LISTED RECORDS:
++++++++++

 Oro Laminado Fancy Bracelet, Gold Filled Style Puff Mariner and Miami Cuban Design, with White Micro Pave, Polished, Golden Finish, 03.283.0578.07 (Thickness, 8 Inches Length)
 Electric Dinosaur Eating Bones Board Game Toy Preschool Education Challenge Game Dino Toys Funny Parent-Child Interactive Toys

++++++++++

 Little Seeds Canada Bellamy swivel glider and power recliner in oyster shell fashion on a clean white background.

++++++++++

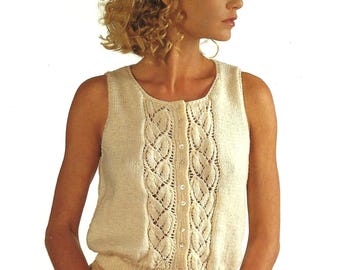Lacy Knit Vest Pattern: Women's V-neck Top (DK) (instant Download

++++++++++

DESCRIPTION OF THE TASK: From the entries above, extract only the lines running from the one containing "Oro Laminado Fancy" through the one containing "Electric Dinosaur Eating", inclusive.

SOLUTION:
 Oro Laminado Fancy Bracelet, Gold Filled Style Puff Mariner and Miami Cuban Design, with White Micro Pave, Polished, Golden Finish, 03.283.0578.07 (Thickness, 8 Inches Length)
 Electric Dinosaur Eating Bones Board Game Toy Preschool Education Challenge Game Dino Toys Funny Parent-Child Interactive Toys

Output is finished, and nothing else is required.